A new variational model for shape graph registration with partial matching constraints

TL;DR

This paper develops a variational framework for shape graph registration that handles partial matches and topological differences, using varifold measures and Sobolev metrics for improved geometric analysis.

Contribution

It introduces a novel inexact variational model for shape graph registration with partial matching constraints and topological inconsistencies, extending Riemannian elastic curve matching.

Findings

Proves existence of minimizers for the proposed variational problem.

Develops a numerical algorithm based on SFISTA for efficient optimization.

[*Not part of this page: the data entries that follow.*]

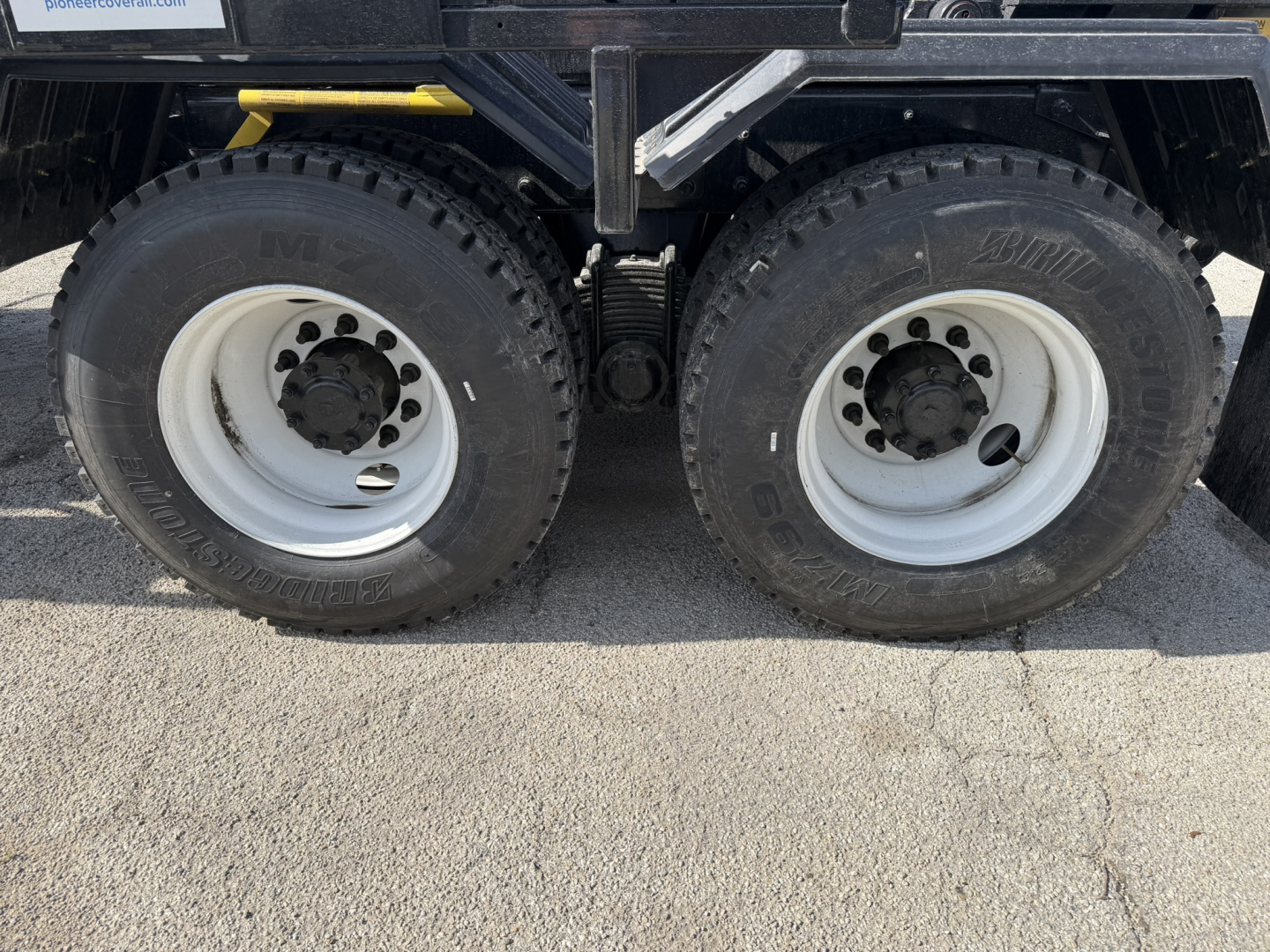 Mack GR64B truck dual rear wheels showing tires and white rims in side view.
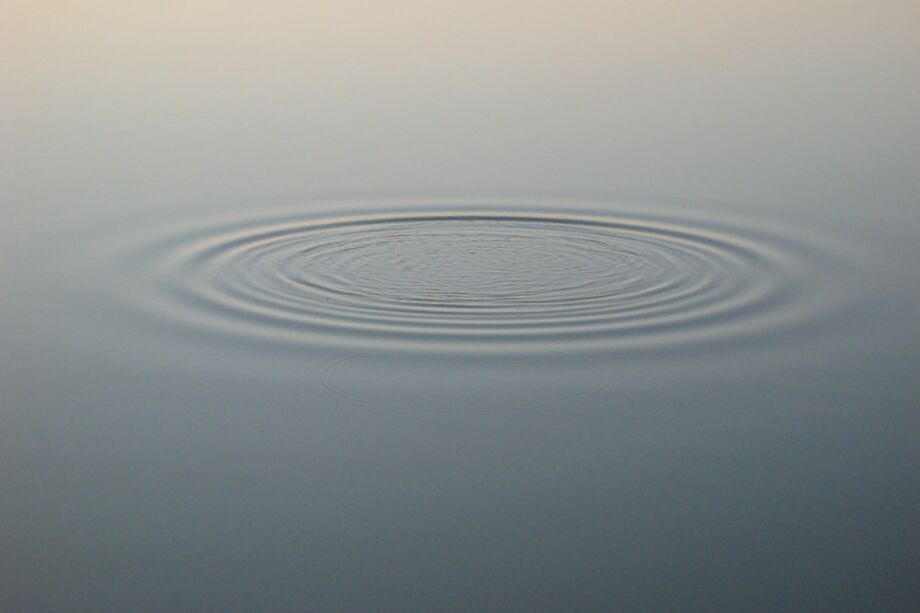une onde unique et subtile se propageant à la surface d'une eau parfaitement calme. Cela symbolise le chuchotement divin au fond de l'âme tranquille - Photo de Javier Virues-Ortegasur https://unsplash.com/fr/photos/une-ondulation-dans-un-plan-deau-avec-un-ciel-brun-en-arriere-plan-A3jNBVsevhI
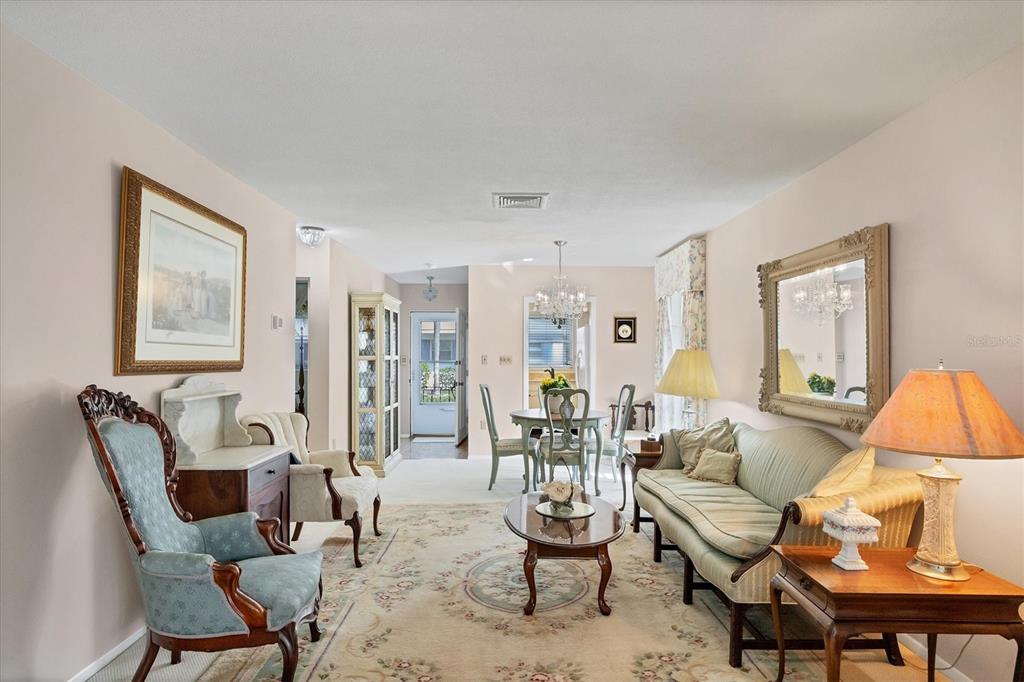 a living room with furniture and a lamp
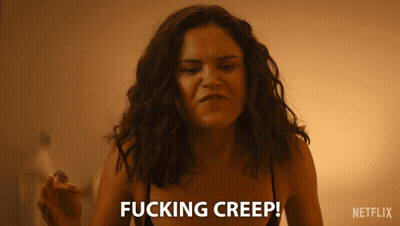 A Woman Says Fucking Creep While Holding A Small Object GIF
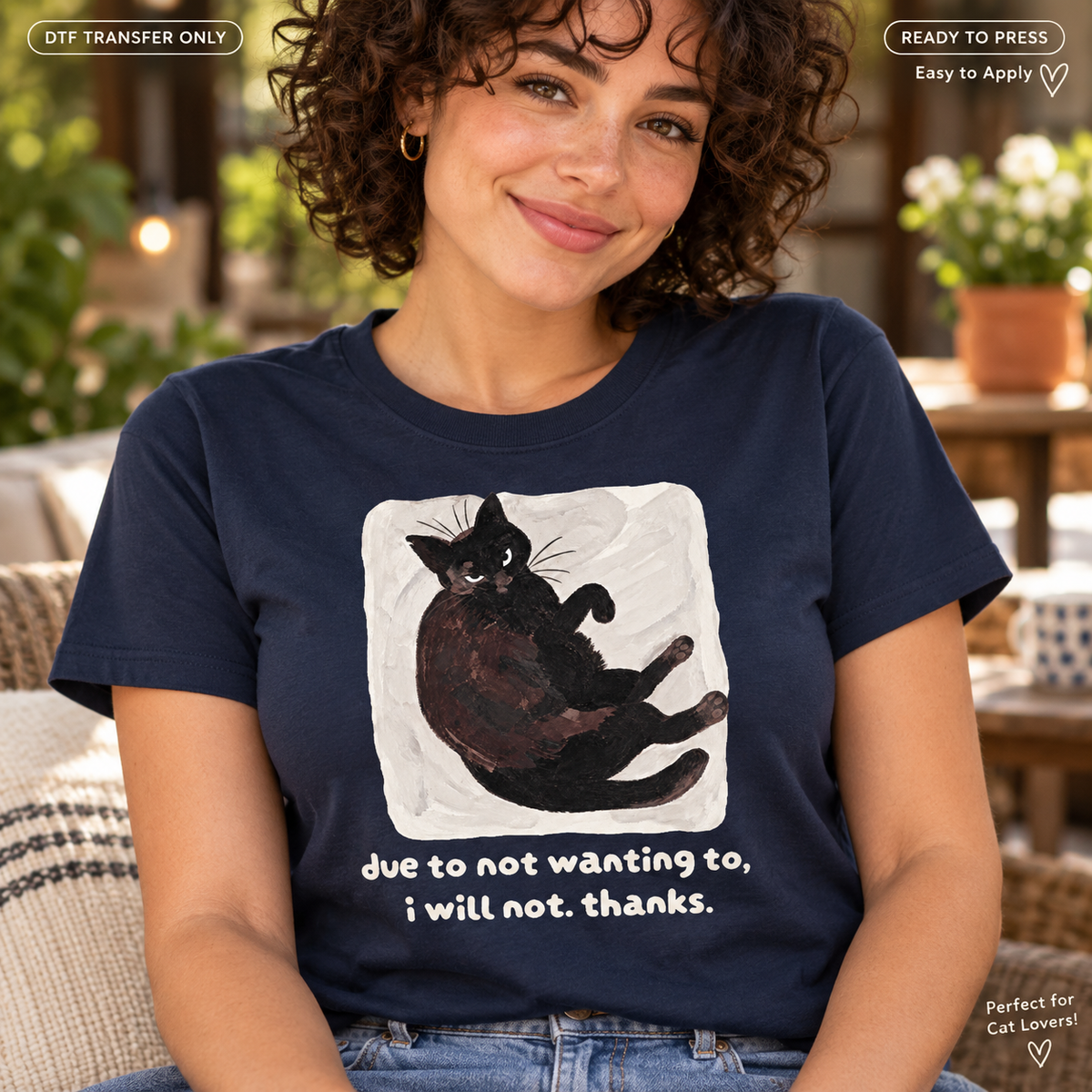 Lifestyle mockup of a woman wearing a navy shirt showing Black cat lounging on a pale backdrop above Due to Not Wanting To I Will Not Thanks wording. DTF transfer only; shirt not included.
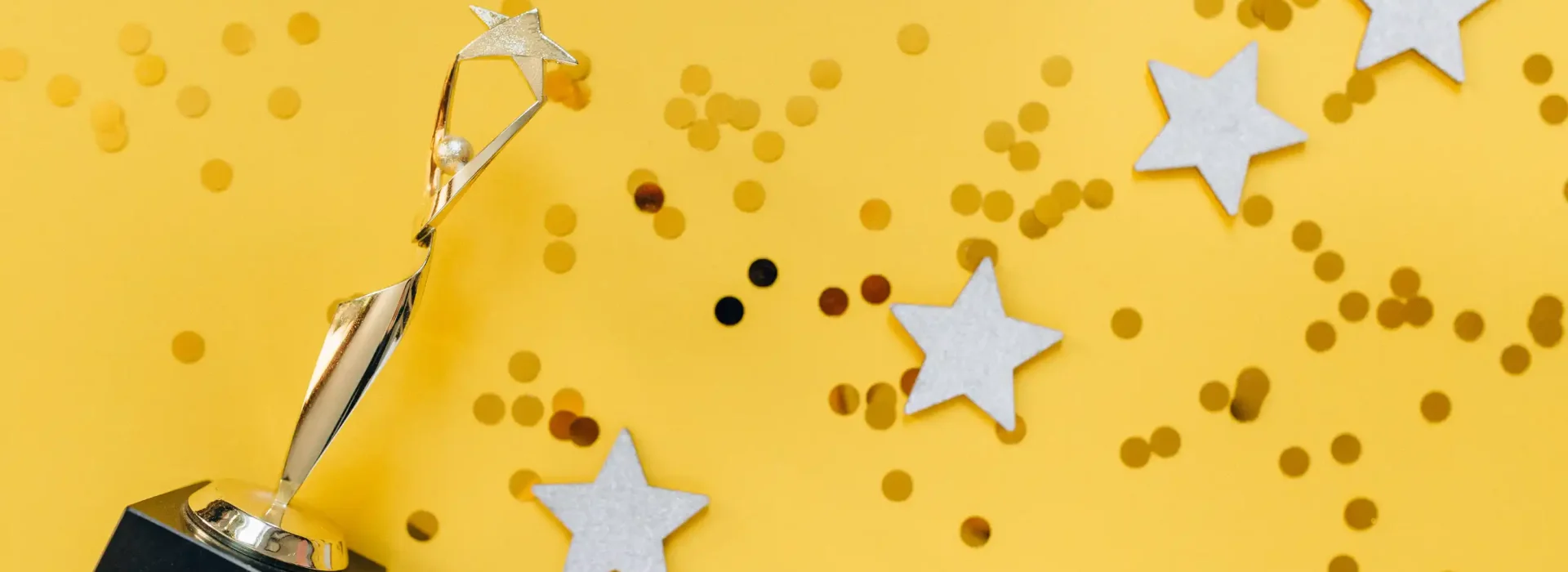 A gold trophy with a star stands on a yellow background, surrounded by gold confetti and five white star cutouts.
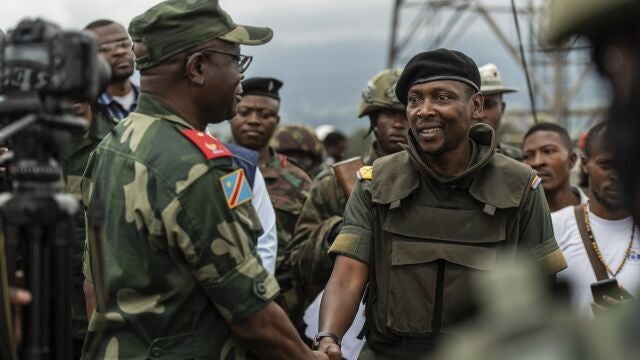 Willy Ngoma, portavoz del M23, estrecha la mano del comandante de la Fuerza Regional de la CAO tras la retirada de la guerrilla de Kibumba, este 23 de diciembre.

Demonstrates effectiveness on examples with partial and topologically varying data.

Abstract

This paper introduces a new extension of Riemannian elastic curve matching to a general class of geometric structures, which we call (weighted) shape graphs, that allows for shape registration with partial matching constraints and topological inconsistencies. Weighted shape graphs are the union of an arbitrary number of component curves in Euclidean space with potential connectivity constraints between some of their boundary points, together with a weight function defined on each component curve. The framework of higher order invariant Sobolev metrics is particularly well suited for constructing notions of distances and geodesics between unparametrized curves. The main difficulty in adapting this framework to the setting of shape graphs is the absence of topological consistency, which typically results in an inadequate search for an exact matching between two shape graphs. We overcome this hurdle by defining an inexact variational formulation of the matching problem between (weighted) shape graphs of any underlying topology, relying on the convenient measure representation given by varifolds to relax the exact matching constraint. We then prove the existence of minimizers to this variational problem when we choose Sobolev metrics of sufficient regularity and a total variation (TV) regularization on the weight function. We propose a numerical optimization approach which adapts the smoothed fast iterative shrinkage-thresholding (SFISTA) algorithm to deal with TV norm minimization and allows us to reduce the matching problem to solving a sequence of smooth unconstrained minimization problems. We finally illustrate the capabilities of our new model through several examples showcasing its ability to tackle partially observed and topologically varying data.